Ia pun merasa prihatin dengan banyaknya meme di internet yang menyebutkan generasi muda Indonesia banyak menjadi tukang ojek setelah lulus dari SMA. Menurut Prabowo, ini realita yang terjadi di Indonesia karena rendahnya kualitas SDM Indonesia.

Sementara itu, Sandiaga sempat mengkritik Paket Kebijakan Ekonomi ke-16 yang dirilis pemerintah. Mantan Wakil Gubernur DKI Jakarta ini menilai paket regulasi tersebut merupakan bentuk kepanikan pemerintah atas kondisi ekonomi Indonesia.

Menurut dia, kondisi ekonomi yang buruk ditandai dari lemahnya ekspor industri dalam negeri. Apalagi, investasi di Indonesia sedang tidak baik. Diterbitkannya Paket Kebijakan Ekonomi ke-16, lanjutnya, justru membuat bingung banyak pihak. Sebab, formula baru itu banyak menghasilkan kesimpangsiuran.

Sandiaga pun mengkritik kebijakan impor pangan yang dilakukan pemerintahan Jokowi, padahal produksi pertanian melimpah. Tak hanya itu, Sandiaga sempat mengkritik soal harga-harga bahan pokok. Dia menganalogikan tempe setipis kartu ATM serupa kondisi perekonomian yang makin sulit.

Di kubu petahana, Jokowi sempat mengeluarkan pernyataan terkait politisi sontoloyo dan politik genderuwo. Kedua pernyataan tersebut dilontarkan Jokowi menyindir politisi yang berusaha memengaruhi masyarakat dengan isu tak jelas dan menakut-nakuti.

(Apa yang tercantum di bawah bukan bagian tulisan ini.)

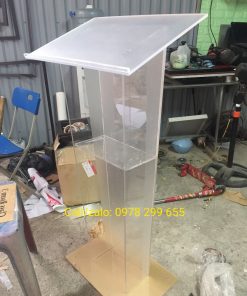 Bục phát biểu mica trong suốt.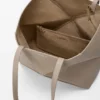 Borsa tote orizzontale media con pieghe Puzzle Fold in morbida pelle di vitello martellata
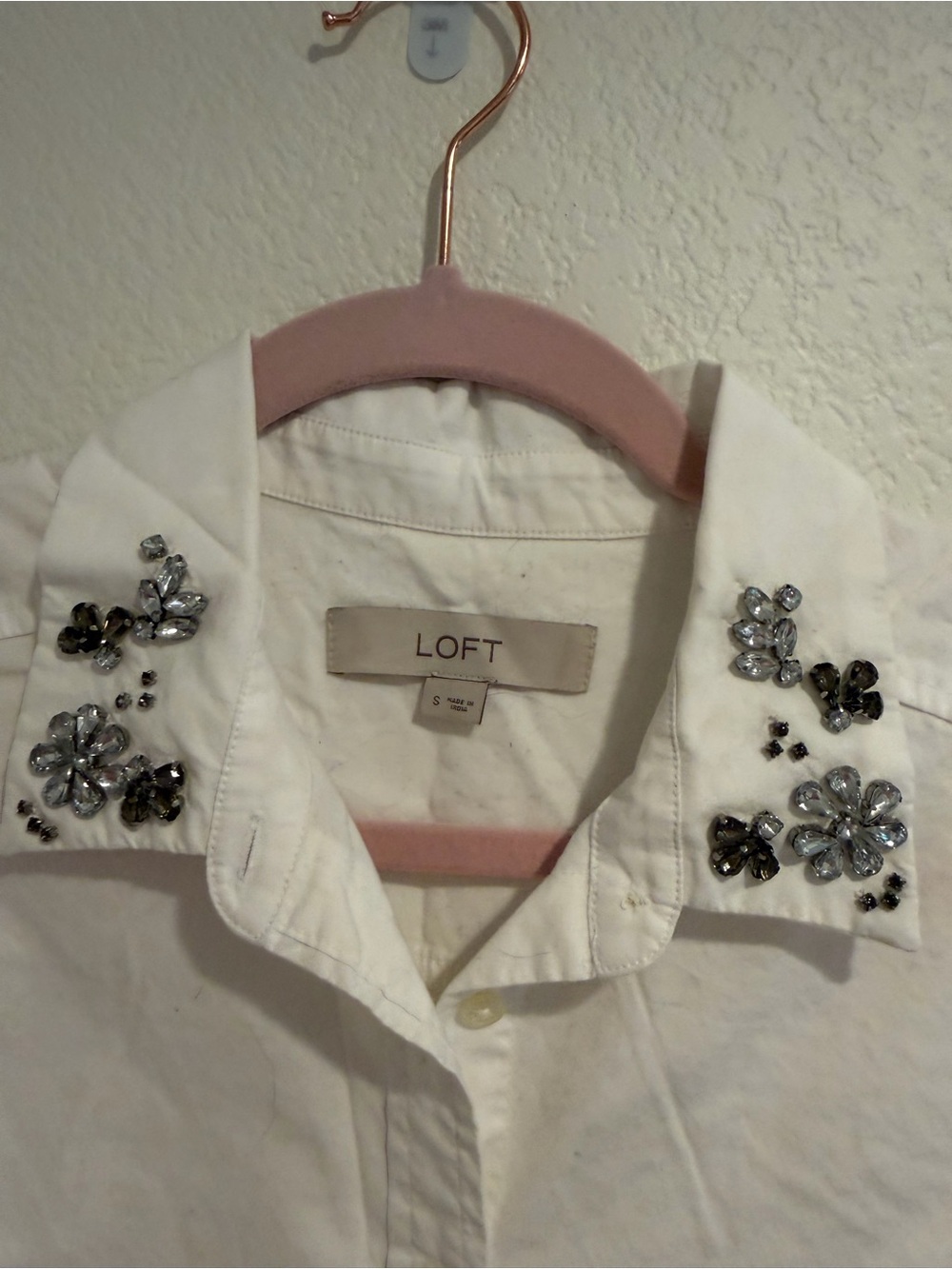 Loft | White Embellished Collar Button-Up Shirt - Size S - Picture 4 of 5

Jokowi juga menyindir pemimpin yang mengklaim diri tegas, padahal pemimpin tersebut kerap marah-marah. Menurut Jokowi, Indonesia butuh pemimpin yang mau mendengar rakyat sekaligus tegas. "Tapi tegas itu tidak sama dengan otoriter, jadi tolong dibedakan," ujar Jokowi.

Sindiran juga disampaikan oleh Tim Kampanye Nasional (TKN) Jokowi-Ma'ruf. Sekretaris TKN Jokowi-Ma'ruf Hasto Kristiyanto menyebut Prabowo sebagai sosok pemimpin yang ahistoris. Pasalnya, Prabowo menghormati keputusan Australia yang bakal memindahkan kedutaan besarnya di Israel dari Tel Aviv ke Yerusalem.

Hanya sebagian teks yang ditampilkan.